The test comes out negative. I don’t have malaria but I certainly have some sort of infection. I definitely have a fever. The consensus seems to be that I’m not eating enough, especially at mid-day, and I’m trying to do too much in a hot climate and at altitude. If I rest, things will settle down. I’m given strong paracetamol to deal with headaches.

Back at the Presbytery we’re just home before the rain arrives. Marthe, the head at Kanyanza “B”, has heard that I’m ill and comes to see me at the end of the school afternoon. We get marooned under the awning of the Presbytery for well over an hour, so we talk. She’s a lovely, intelligent, friendly person and I like her a lot.

Eventually the storm subsides, Mathe can leave to go home, and I start to feel better as the sultry afternoon heat cools from the rain. By the time we eat in the evening my wobbliness has gone, though I still have a temperature. I manage to eat plenty at the Presbytery.

On the ride up to the poste de santé I manage to lose my water bottle as we jolt over bumps in the road. I ask the priests if they have a spare. They don’t have a plastic bottle, but I spend the rest of my time at Kanyanza drinking water from an empty Mass wine bottle – I’m swigging away at regular intervals from a bottle with a picture of the Virgin Mary and “Sancta” something or other on the label! Honestly, I kid you not. If I invented something like that for a story, you would say I was getting too far fetched. But it’s exactly what happened!

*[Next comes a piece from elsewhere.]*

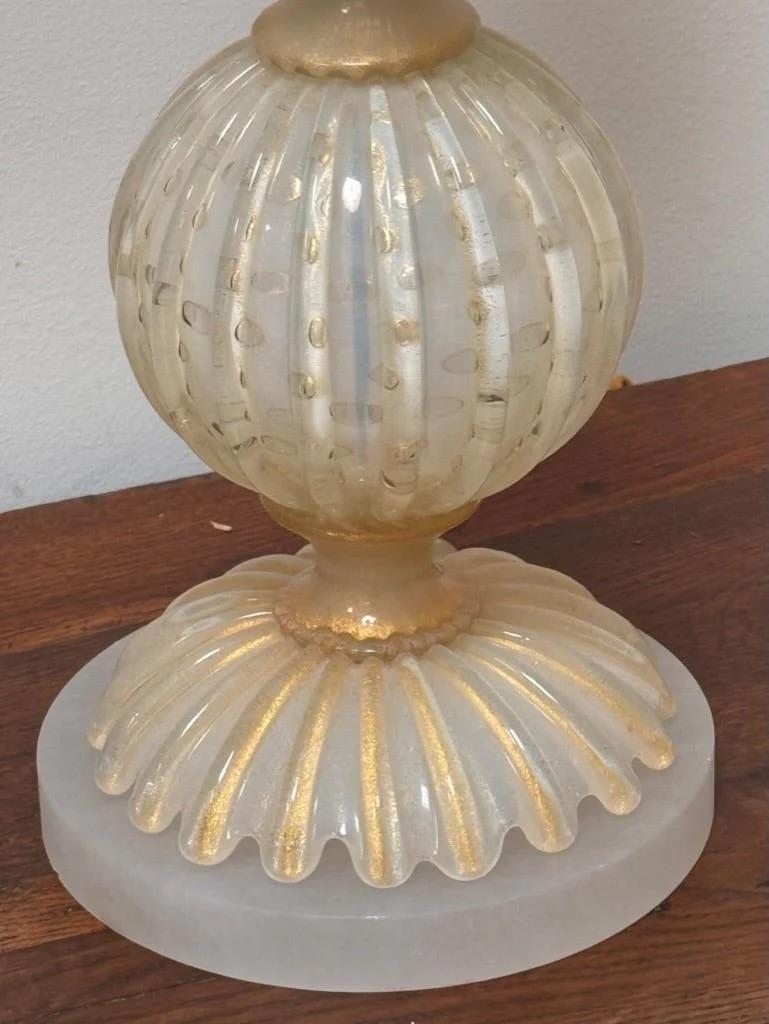 Pareja de lámparas de mesa de Murano, tonos crema y blanco. 1960, con bases de alabastro. 22 ¾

The evening is enlivened by a mouse that keeps running under the door into my room, gets half way across the floor before it realises that the room is occupied and the light is on, and then turns tail and dashes back out again.

I’m in bed well before nine and intend to sleep right through to about seven tomorrow. Let’s see if some rest will settle me down enough to carry on working up here.

Best thing about today – talking to Marthe
Worst thing – just about everything else. Why do I choose to get sick at just about the most inaccessible place in the entire district?